Il percorso di mediazione viene fatto con i soli genitori e in genere non invito i figli al 2° incontro.

La Mediazione globale integrata
La scelta e' fare una Mediazione globale, garantendo al massimo la famiglia, con un intervento a due voci che assicuri la migliore professionalita' sia nell'ambito degli affetti che dei diritti: significa avere a disposizione un mediatore che piu' specificatamente si occupi degli aspetti emozionali e relazionali assieme a un avvocato esperto in mediazione, che si occupa dei diritti e degli aspetti patrimoniali.
La Mediazione globale integrata non implica necessariamente una condivisione degli stessi spazi operativi, ma nemmeno la esclude. Tra i due tecnici c'e' una collaborazione continua in cui sono possibili interventi congiunti o separati con la finalità di integrarsi nelle specificita' e di definire un accordo che tocchi tutti i punti.
La scelta della sede, fatta dai clienti, determina la forma di collaborazione: e' diverso se la prima richiesta d'intervento viene fatta a un avvocato o a un mediatore o ancora se la coppia fa richiesta di una prima consulenza in uno spazio dove incontra entrambi i professionisti.
Ne e' esempio l'esperienza portata avanti per piu' di 3 anni nello Spazio Famiglia di Genova-Recco dove, in veste di mediatore assieme a un avvocato esperto in mediazione, ho gestito il 1° incontro con le coppie per spiegare la finalità della mediazione, le alternative possibili per valutare e decidere quale fosse l'intervento prioritario in base alle richieste.
I due professionisti poi si dividono compiti e competenze mantenendo una collaborazione continua in cui sono possibili anche interventi congiunti.

"L'intervento per il Cambiamento" una trasformazione della perizia: modalita' e prassi di lavoro secondo il Modello Genovese
Ci sono situazioni in cui non si puo' rispondere con un intervento di mediazione poiche' non c'e' una richiesta volontaria.
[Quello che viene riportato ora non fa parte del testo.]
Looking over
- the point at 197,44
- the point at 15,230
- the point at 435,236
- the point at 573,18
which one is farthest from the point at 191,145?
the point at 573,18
Si tratta di separazioni giudiziali dove si e' messo in moto un meccanismo di ricorsi, denunce, querele che si protrae anche per anni.
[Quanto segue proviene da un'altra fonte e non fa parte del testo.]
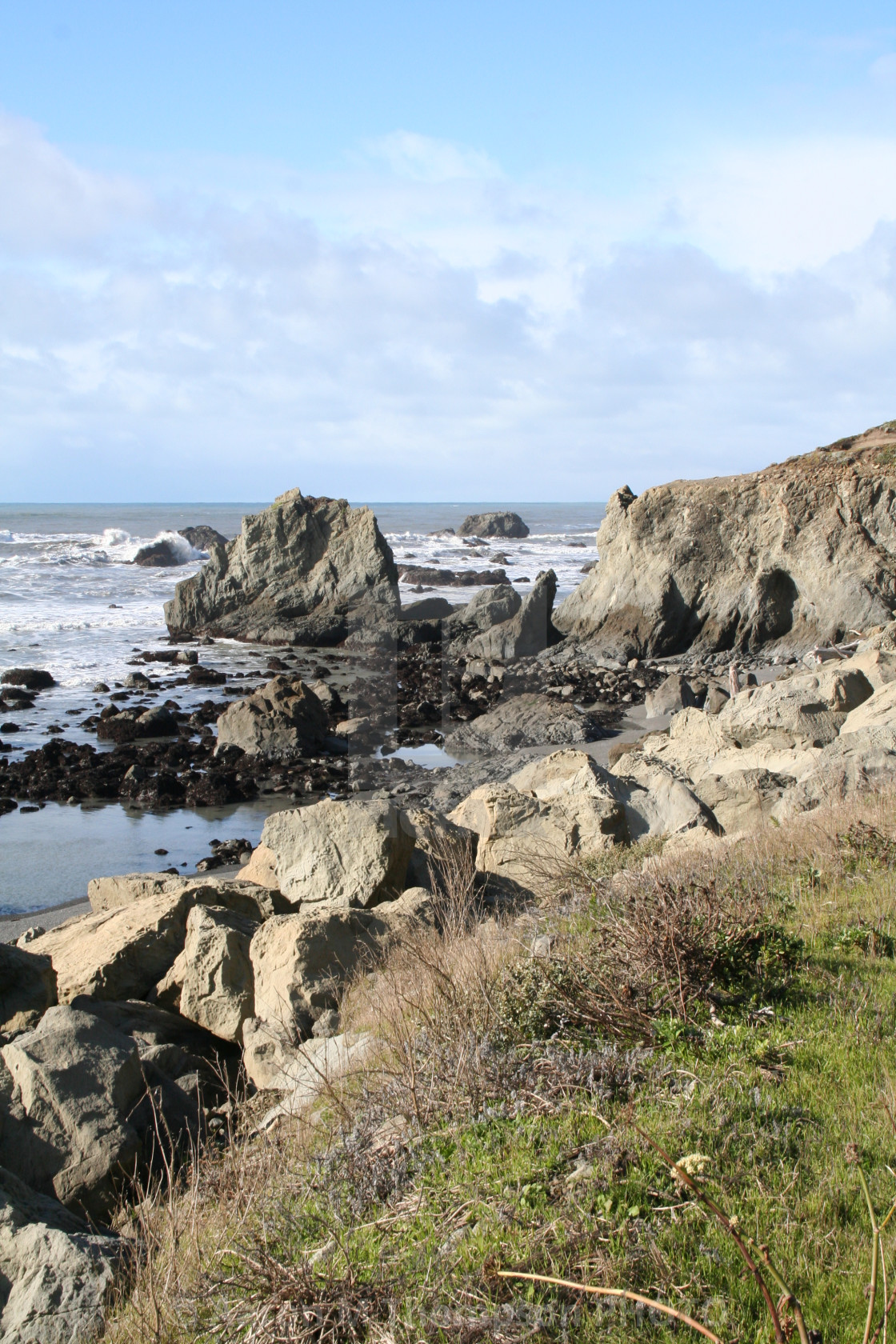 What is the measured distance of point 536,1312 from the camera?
7.97ft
In queste situazioni, fare una diagnosi, una fotografia della situazione, permette di dare una risposta al giudice che chiede una consulenza, ma lascia il conflitto della coppia inalterato.
La certezza dell'inutilità della sola diagnosi ha determinato il mio interesse a studiare e ad attuare da anni un diverso modo di lavorare, che ha trovato una sua specificità nel lavoro con le coppie altamente conflittuali, in separazione o divorzio, che hanno già intrapreso un cammino di denunce e ricorsi in Tribunale, contendendosi i figli e causando loro gravi problematiche.
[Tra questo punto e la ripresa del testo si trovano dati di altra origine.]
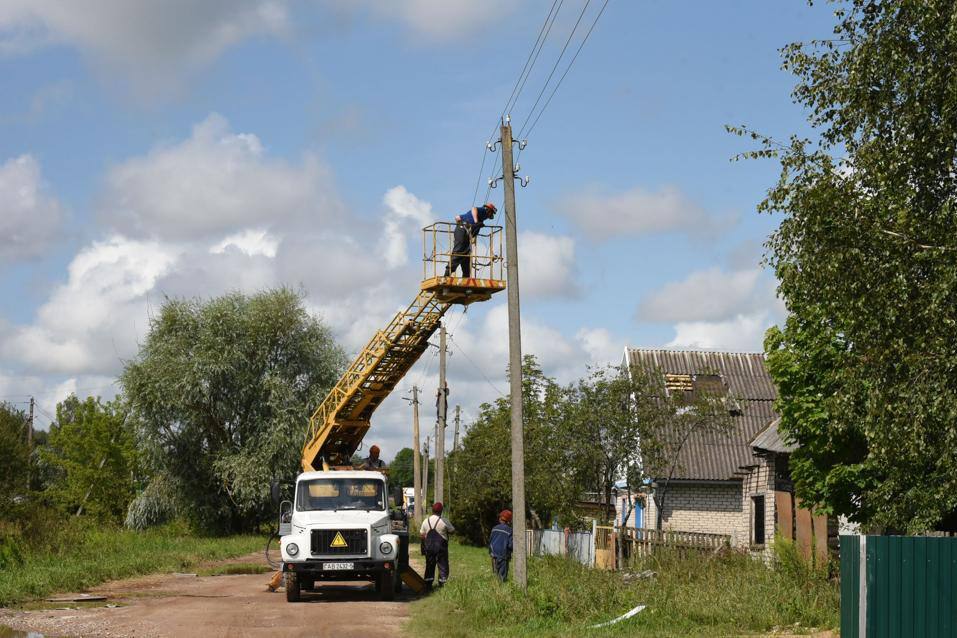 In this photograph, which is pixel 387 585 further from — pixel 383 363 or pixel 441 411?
pixel 441 411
In questi casi ritengo ancora valida e attuale la metodologia messa appunto negli anni '80, a seguito di una ricerca impostata nel servizio pubblico2 con il mio gruppo di lavoro. Si tratta di un intervento che ho chiamato: "Intervento per il cambiamento" (Mastropaolo et al., 1985); (Mastropaolo L., 1989).
Nel momento in cui il giudice mi chiede una consulenza o una perizia tecnica, lavoro per trasformare un invio obbligato (l'incarico di diagnosi) in un percorso di cambiamento delle relazioni familiari e di superamento dei conflitti nonostante i vincoli iniziali dell'invio coatto.
Ho posto l'attenzione sull'aspetto di obbligatorieta' dell'invio che determina un contesto di controllo e di giudizio, per cui gli ex coniugi si trovano "inviati" o piuttosto "obbligati" a fare una serie di colloqui con un tecnico non previsto ne' richiesto da loro, mentre si aspettavano una immediata risoluzione del caso da parte del Tribunale attraverso la definizione di "chi ha ragione e di chi ha torto".
In questa situazione non c'e' motivazione al trattamento o al superamento del conflitto, ma i due arrivano in CTU o al Servizio3 con la voglia di dimostrare la propria ragione e il torto dell'altro e quanto l'uno sia genitore inaffidabile rispetto all'altro. Il problema e' pertanto superare assieme alla famiglia, il garbuglio di un "invio coatto" per uscire dalla dicotomia controllo/terapia, ragione/torto e per introdurre una chiave di volta per un possibile cambiamento della famiglia.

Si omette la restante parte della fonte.